> **Records for the task**
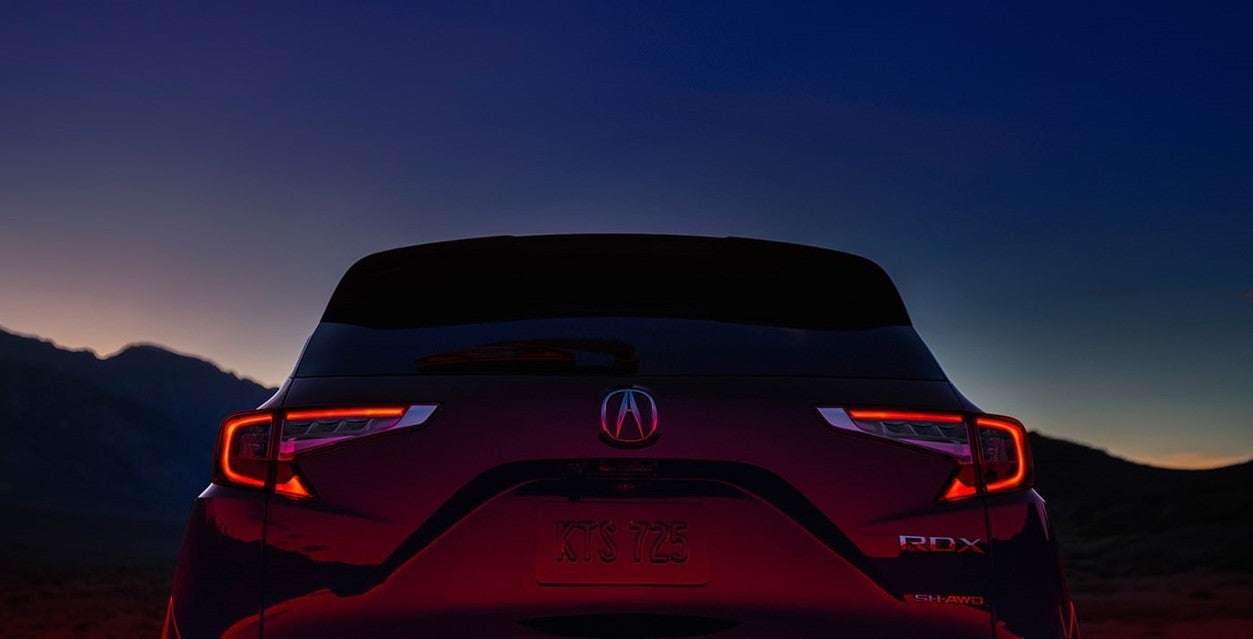 Acura 2023 RDX LED-illuminated Dragon Tail taillights | Fred Anderson Acura in Greenville SC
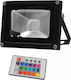 GloboStar Στεγανός Προβολέας LED 10W RGB με Τηλεχειριστήριο IP65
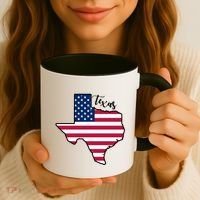 Texas United States Map Coffee Mug thumb 3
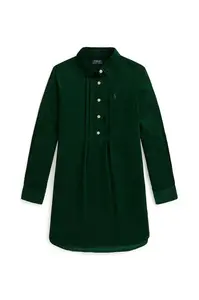 Dětské bavlněné šaty Polo Ralph Lauren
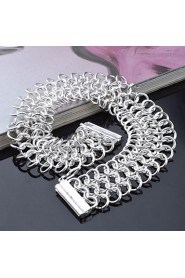 Fashion Sterling Silver Plated Women's Bracelet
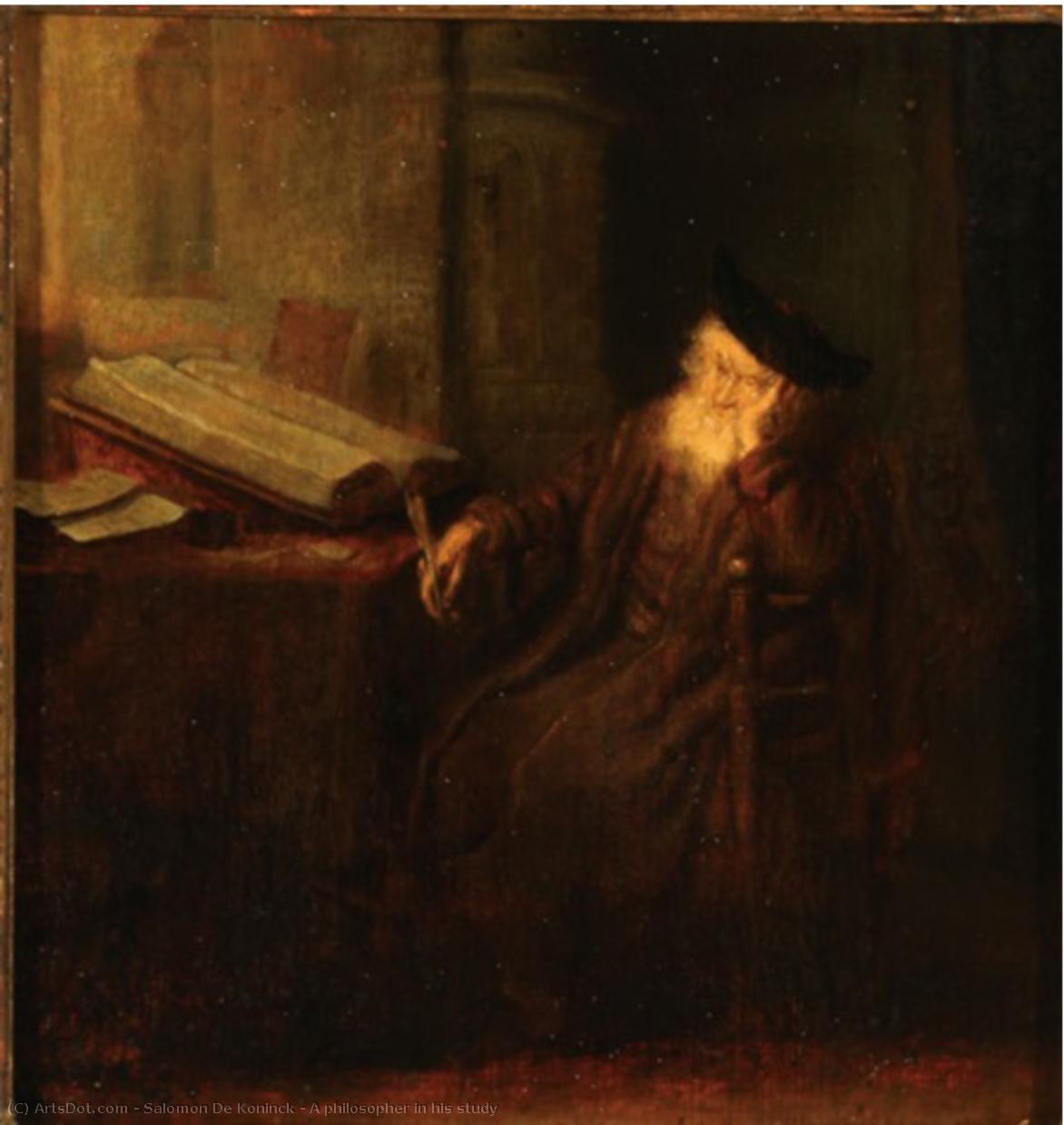 A Philosopher In His Study — Саломон Де Конингк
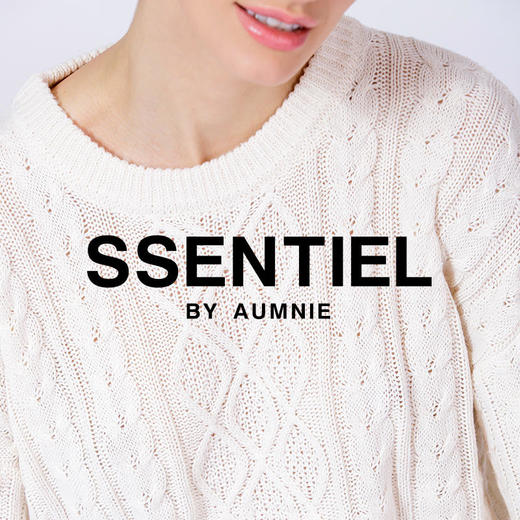 【AUMNIE】编织纹理宽松针织上衣 OS CABLE KNIT SWEATER 商品图4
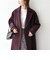 《一部追加予約》【WEB限定】PURE WOOL ロング テーラード コート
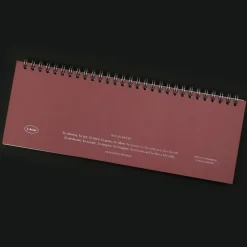 3-Row Desk Weekly Scheduler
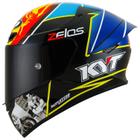 Capacete KYT TT Course Xavier Simeon Endurance Champions Preto e Azul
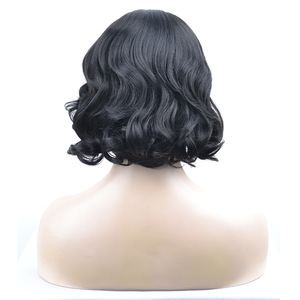Perruque sur mesure fabriquée à la machine 2025 – Cheveux courts bouclés européens et américains en fibre haute température <span class=keywords><strong>Jiafa</strong></span> pour femme, volumineuse - Product Image 5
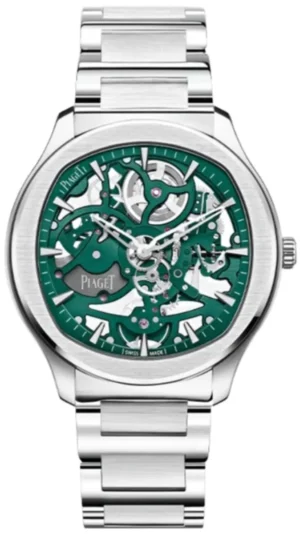 Polo Skeleton Automatic Green Dial Steel Men's Watch G0A47008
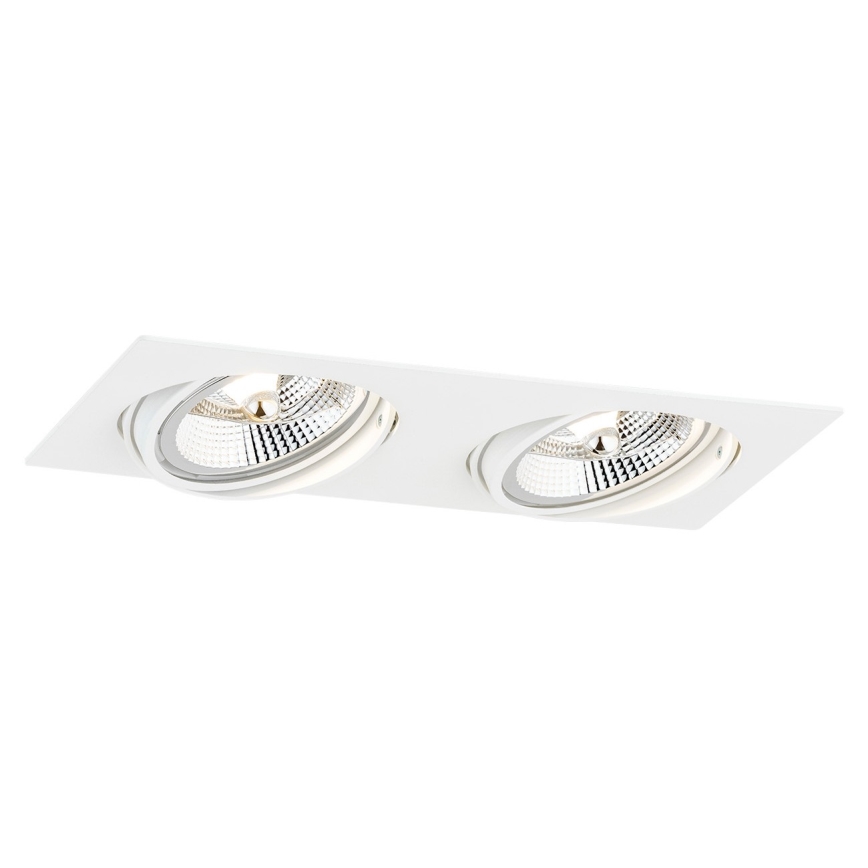 Argon 1046 - Luminaire encastrable OLIMP 2xGU10-AR111/12W/230V blanc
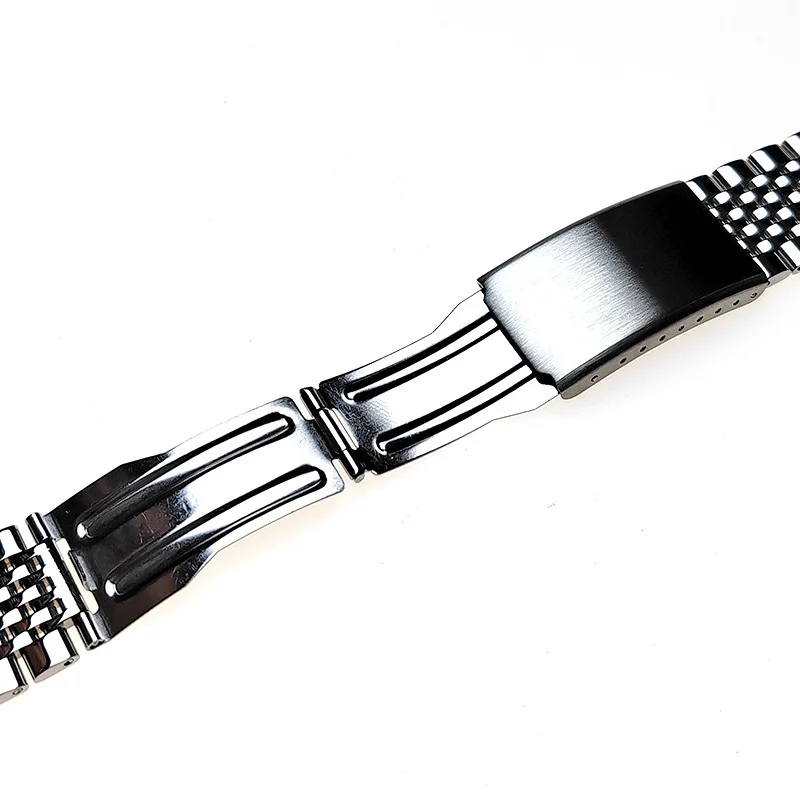 18mm 20mm 22mm Stainless Steel Watch Strap For Omega Tissot Universal Watchband Bead of Chain Bracelet Adjustable Wristband Tool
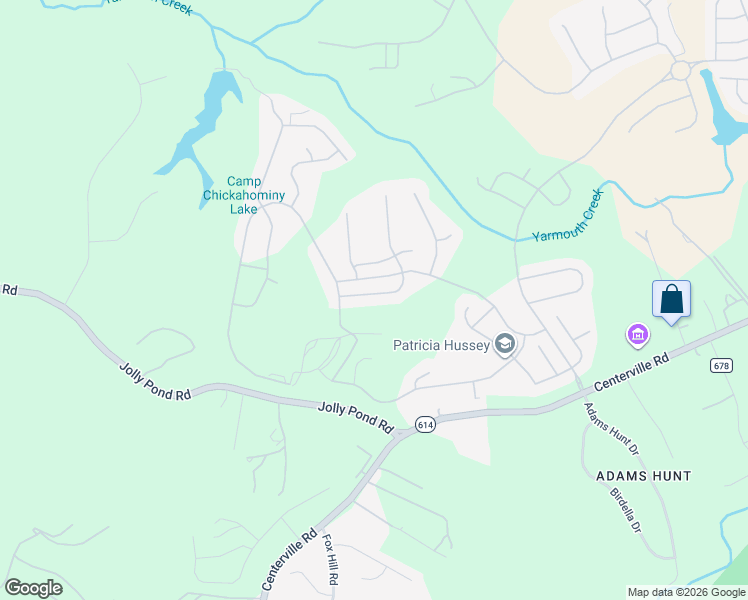 map of restaurants, bars, coffee shops, grocery stores, and more near 6404 Cordelia Road in Williamsburg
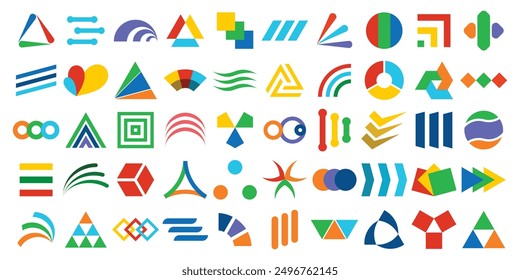 Abstract logo mega collection, flat icons for business logo. Premium Vector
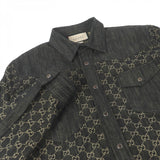 Gucci Long sleeve shirt 669613 Main: 100% cotton black mens 48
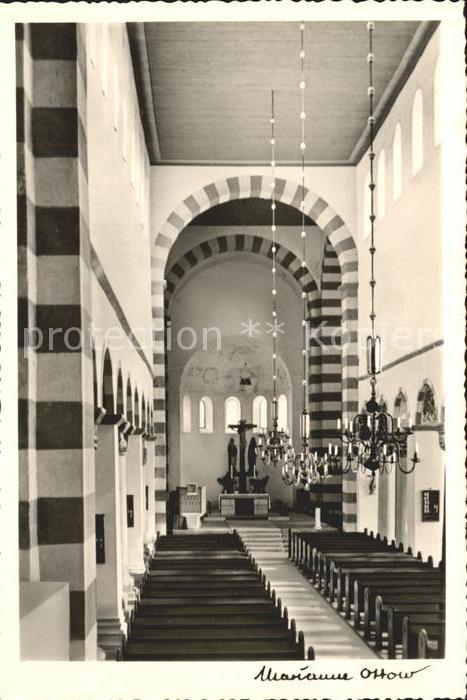 HILDESHEIM  CITY Kirchenschiff der Michaeliskirche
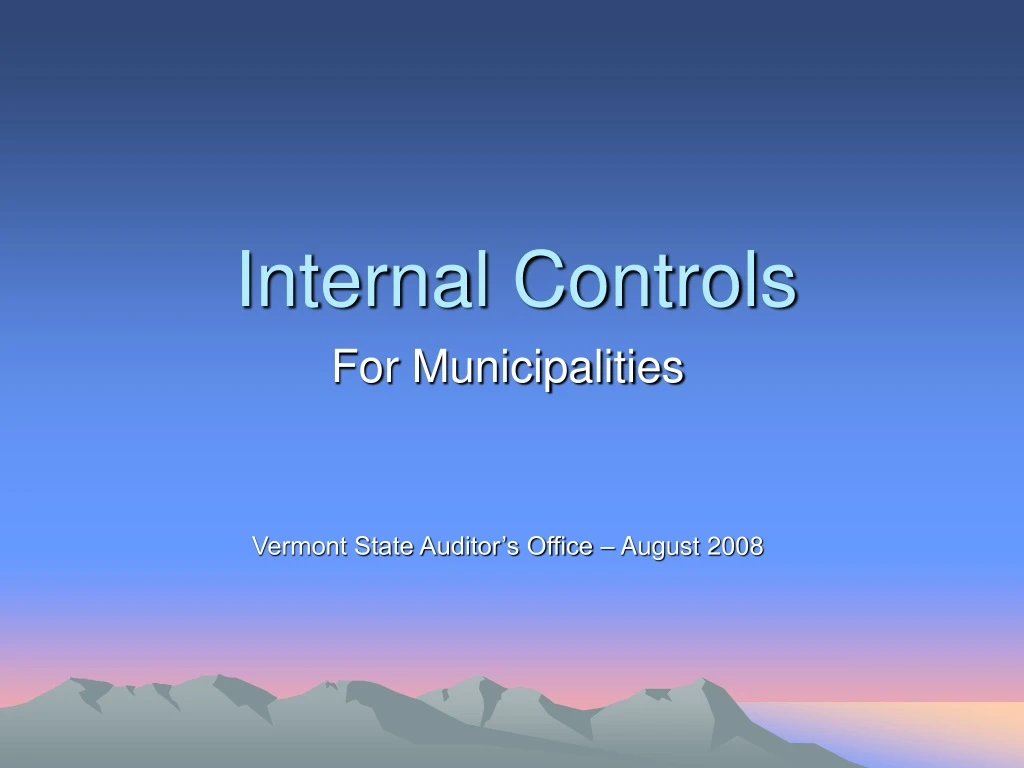 internal controls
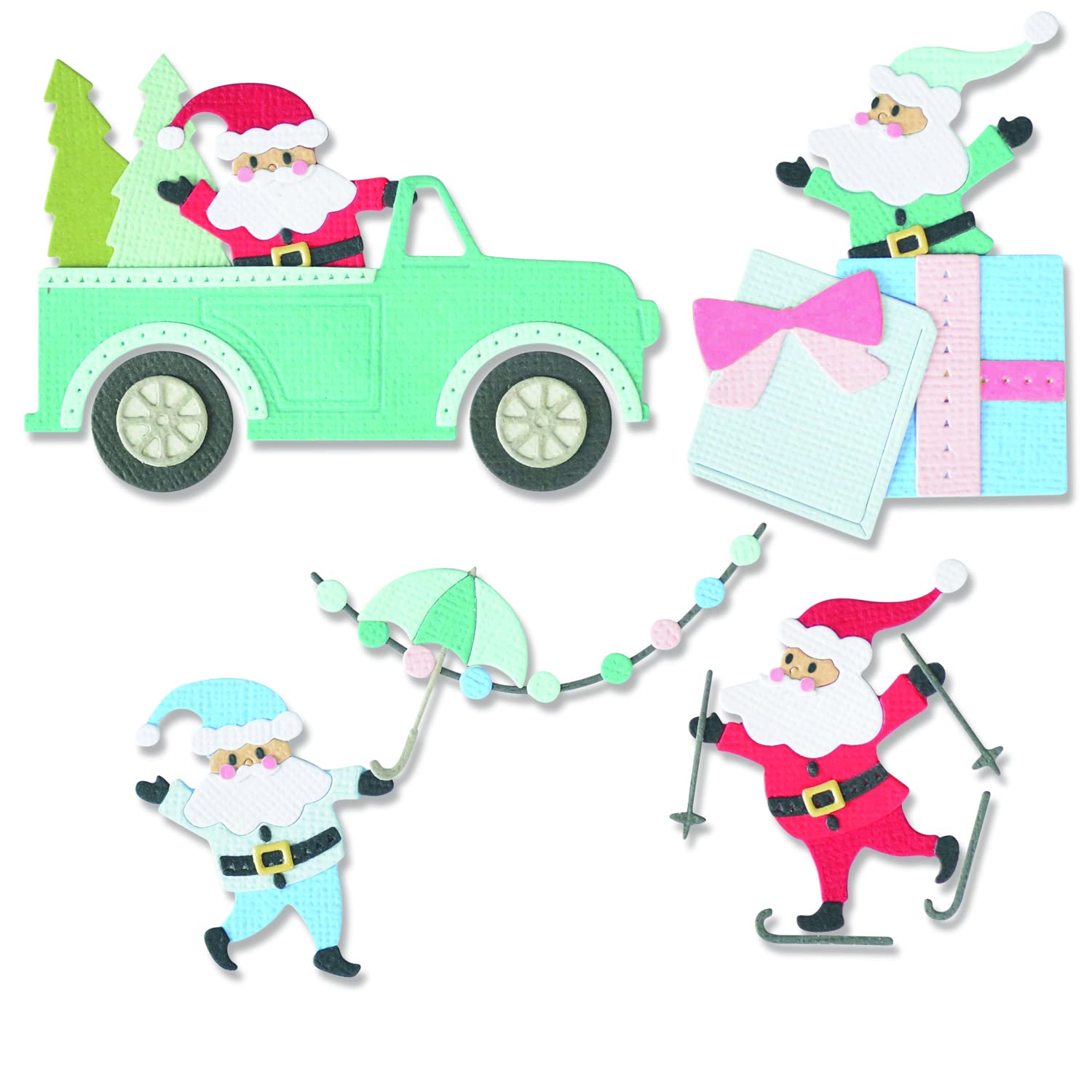 Sizzix Thinlits Die Set 11PK Santa Activities by Olivia Rose | 665958 | Chapter 3 2022, Multicolor, One Size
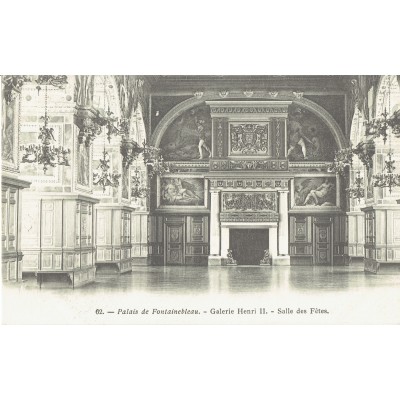 CPA - PALAIS DE FONTAINEBLEAU - Salle Des Fêtes - Années 1920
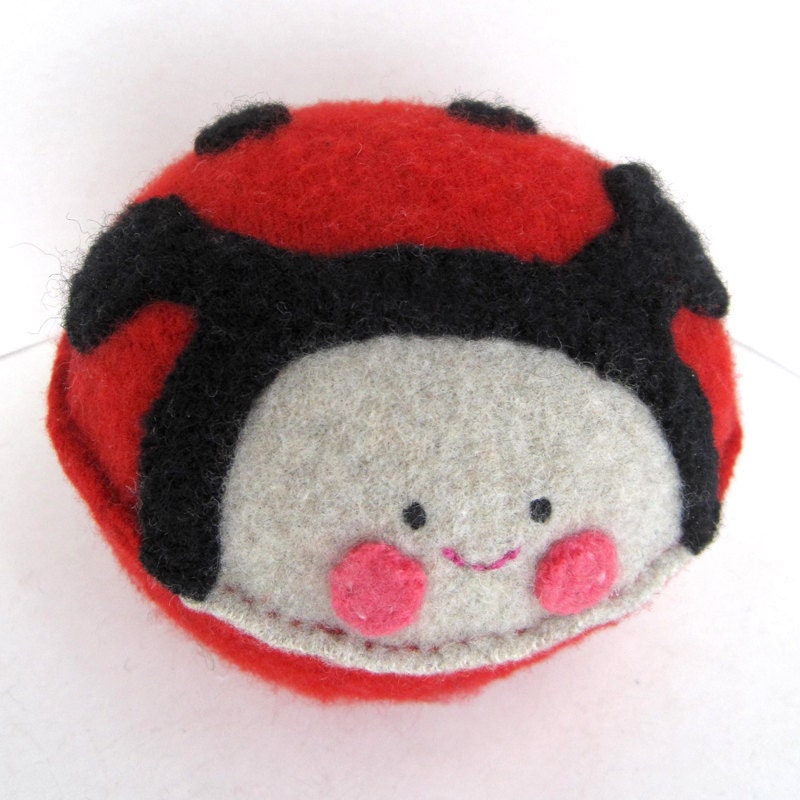 Red Ladybug - Recycled Cashmere Plush Toy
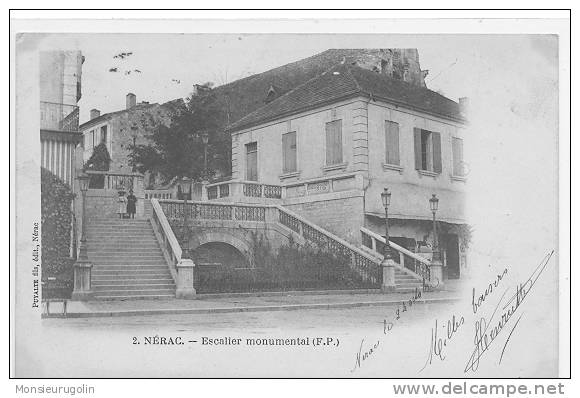 47 )FL) NERAC, Escalier Monumental (F.P.) Puylate Fils édit - Nerac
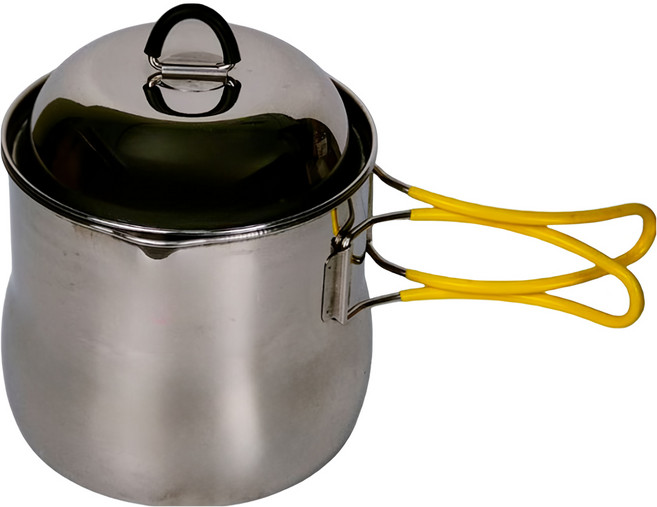 CAMPING ACE 野樂 多功能不鏽鋼壺鍋組 ARC-1561 露營鍋具 1L, 1個, 銀色
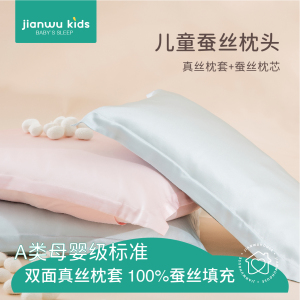 茧小屋A类婴幼儿真丝幼儿园枕芯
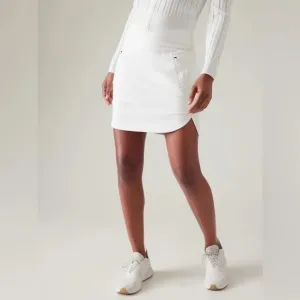 Athleta Women’s Fairway 18’’ Golf Skort in White Size M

> **Your task**
Could every entry above be printed again exactly, images excluded?

> **Written response**
 Acura 2023 RDX LED-illuminated Dragon Tail taillights | Fred Anderson Acura in Greenville SC
 GloboStar Στεγανός Προβολέας LED 10W RGB με Τηλεχειριστήριο IP65
 Texas United States Map Coffee Mug thumb 3
 Dětské bavlněné šaty Polo Ralph Lauren
 Fashion Sterling Silver Plated Women's Bracelet
 A Philosopher In His Study — Саломон Де Конингк
 【AUMNIE】编织纹理宽松针织上衣 OS CABLE KNIT SWEATER 商品图4
 《一部追加予約》【WEB限定】PURE WOOL ロング テーラード コート
 3-Row Desk Weekly Scheduler
 Capacete KYT TT Course Xavier Simeon Endurance Champions Preto e Azul
Perruque sur mesure fabriquée à la machine 2025 – Cheveux courts bouclés européens et américains en fibre haute température <span class=keywords><strong>Jiafa</strong></span> pour femme, volumineuse - Product Image 5
 Polo Skeleton Automatic Green Dial Steel Men's Watch G0A47008
 Argon 1046 - Luminaire encastrable OLIMP 2xGU10-AR111/12W/230V blanc
 18mm 20mm 22mm Stainless Steel Watch Strap For Omega Tissot Universal Watchband Bead of Chain Bracelet Adjustable Wristband Tool
 map of restaurants, bars, coffee shops, grocery stores, and more near 6404 Cordelia Road in Williamsburg
 Abstract logo mega collection, flat icons for business logo. Premium Vector
 Gucci Long sleeve shirt 669613 Main: 100% cotton black mens 48
 HILDESHEIM  CITY Kirchenschiff der Michaeliskirche
 internal controls
 Sizzix Thinlits Die Set 11PK Santa Activities by Olivia Rose | 665958 | Chapter 3 2022, Multicolor, One Size
 CPA - PALAIS DE FONTAINEBLEAU - Salle Des Fêtes - Années 1920
 Red Ladybug - Recycled Cashmere Plush Toy
 47 )FL) NERAC, Escalier Monumental (F.P.) Puylate Fils édit - Nerac
 CAMPING ACE 野樂 多功能不鏽鋼壺鍋組 ARC-1561 露營鍋具 1L, 1個, 銀色
 茧小屋A类婴幼儿真丝幼儿园枕芯
 Athleta Women’s Fairway 18’’ Golf Skort in White Size M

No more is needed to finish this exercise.